Because one of the first things the parvovirus infects is the bone marrow, a low white blood cell count can be suggestive of CPV infection. If a dog has both a positive ELISA reading
and a low white blood cell count, a fairly confident diagnosis of CPV may be made.
Treatment options for dogs suffering from CPV involve supportive care and management of
symptoms. Treatment options will vary, depending on how sick the dog is, but certain aspects
are considered vital for all patients.
A hospital stay is often necessary so that the dog can receive intravenous fluids and nutrients
to replace the vast quantities lost via vomiting and diarrhea. An intravenous drip is preferred
because the digestive tract of stricken dogs is usually in distress and can’t tolerate or absorb
what the dog needs. Blood transfusions may also be helpful to boost low blood cell counts
that may result from CPV infecting the bone marrow.

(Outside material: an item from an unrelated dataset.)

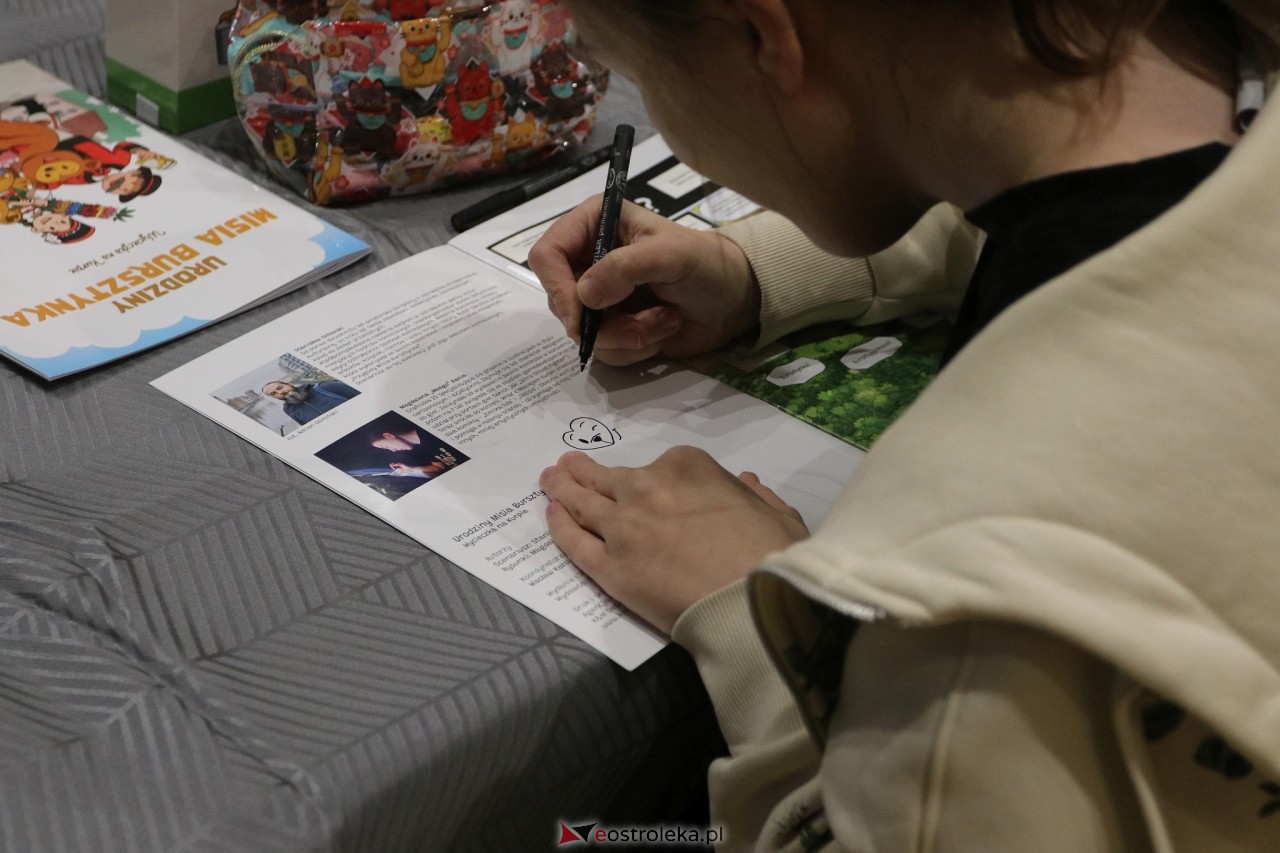 Promocja komiksu z Misiem Bursztynkiem [14.12.2024] - zdjęcie #5 - eOstroleka.pl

Antibiotics may be an appropriate therapy for a dog suffering from CPV, administered either
intravenously or as injections, to help fight the infection if intestinal bacteria have entered the
bloodstream. In addition, medications to control nausea and diarrhea are sometimes useful.
Many dogs will respond to medical therapy if it is initiated in a timely fashion, and those
dogs that recover from CPV infection retain lifelong protective immunity against the strain
that infected them.
Since the advent of several effective canine vaccinations for CPV, this infectious disease has
become much less of a threat to dogs. This does not mean, however, that CPV does not
remain a serious problem, and vaccination of your dog should not be considered an option –
it is a must.
Veterinarians usually administer the CPV vaccine as part of a combination shot which
includes, among others, the distemper, canine adenovirus, and parainfluenza vaccines. These
shots are given every 3 to 4 weeks from the time a puppy is 6 weeks old until he is at least 16
weeks of age. A booster vaccination is recommended one year later, and then at one at three-
year intervals thereafter.
The tiny parvovirus is extraordinarily hardy. They are capable of surviving for months
outside an animal, even through the winter, and are resistant to most household cleaning
products. Infected dogs can shed vast numbers of viruses, making it difficult to disinfect an
area once it has been exposed to an infected dog. These facts highlight the importance of
isolating any dog that is infected with CPV from other dogs. Given the fact that most
environments (including dog parks, lawns, and even homes) are not cleaned with disinfecting
products regularly, a puppy can be exposed to CPV without any warning, making vaccine
protection all the more important.
If your home and yard have been contaminated by an infected dog, there are steps you can
take to disinfect them before introducing a new dog or puppy. Despite its relative resistance
to cleaning agents, we do know that CPV can be inactivated by bleach. Cleaning with a
solution of one part bleach mixed with approximately 30 parts water is an acceptable method
for disinfecting any indoor area (including bedding, food/water bowls, and all surfaces) that
once housed an infected dog. There is evidence suggesting that CPV loses some of its ability
to infect an animal after one month in an indoor environment. Outside, you cannot (and
should not) bleach your lawn, but rain or watering can dilute the concentration of the virus
over time. This dilution, combined with the sanitizing effects of sunlight can bring the
number of viruses down to an acceptable level in a few weeks.